There are many worthy people who reprobate the Buchanan method as a matter of history, but who in actual life reprobate still more strongly the Jackson-Lincoln method when it is put into practice. These persons conscientiously believe that the president should solve every doubt in favor of inaction as against action, that he should construe strictly and narrowly the constitutional grant of powers both to the national government, and to the president within the national government. In addition, however, to the men who conscientiously believe in this course from high, although as I hold misguided, motives, there are many men who affect to believe in it merely because it enables them to attack and to try to hamper, for partisan or personal reasons, an executive whom they dislike. There are other men in whom, especially when they are themselves in office, practical adherence to the Buchanan principle represents not well-thought-out devotion to an unwise course, but simple weakness of character and desire to avoid trouble and responsibility. Unfortunately, in practice it makes little difference which class of ideas actuates the president, who by his action sets a cramping precedent. Whether he is high minded and wrongheaded or merely infirm of purpose, whether he means well feebly or is bound by a mischievous misconception of the powers and duties of the national government and of the president, the effect of his actions is the same. The president’s duty is to act so that he himself and his subordinates shall be able to do efficient work for the people, and this efficient work he and they cannot do if Congress is permitted to undertake the task of making up his mind for him as to how he shall perform what is clearly his sole duty.

Footnotes
  1. 1. Roosevelt was referring to some of the unilateral executive actions that he took as president. For example, when Congress sold coal lands at below market rates to mining corporations, Roosevelt withdrew those lands by executive order. “There was a great clamor that I was usurping legislative power,” he wrote Nevertheless, Roosevelt’s actions were sustained by the Supreme Court.

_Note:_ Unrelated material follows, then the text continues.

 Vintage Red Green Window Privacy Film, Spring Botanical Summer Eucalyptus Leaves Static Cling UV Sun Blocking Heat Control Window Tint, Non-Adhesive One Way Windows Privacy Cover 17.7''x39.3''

  2. 2. Roosevelt was most likely referring to Buchanan’s indecisiveness in responding to the Southern attack on Fort Sumter. However, Buchanan’s irresolution was not from constitutional scruple but rather political ambivalence.
  3. 3. Richard Ballinger was accused by Chief Forester Gifford Pinchot of administrative impropriety in reopening closed Alaskan coal lands to special interests. When the controversy became public, Taft sided with Ballinger and fired Pinchot, who had been one of the architects of Roosevelt’s conservation policies. The affair became a major source of division in the Republican Party. Taft’s dismissal of Pinchot infuriated Roosevelt, who viewed it as a personal betrayal by Taft. Subsequent research demonstrated that there was no impropriety in Ballinger’s conduct and that the “affair” was really caused by a battle over internal policy divisions concerning conservationism in the administration.
  4. 4. The charges against Secretary of the Interior Ballinger were investigated by a House committee between January and May 1910. In the end, Ballinger was exonerated of any charges of corruption or malfeasance.
  5. 5. Roosevelt was obviously accusing Taft of deferring to Congress rather than wielding his executive power of removal over the secretary of the interior. However, the exoneration of Ballinger by the Committee of Investigation in the House was precisely the conclusion that Taft had already arrived at before the hearing began. Roosevelt here conflated his personal view of what Taft should have done as a matter of policy with what the executive has the power to do under the Constitution. In other words, Taft should have fired Ballinger, and his refusal to do so indicated that he had a narrow understanding of the Constitution. In fact, Taft wanted to retain Ballinger, and the exoneration by the House merely confirmed his judgment.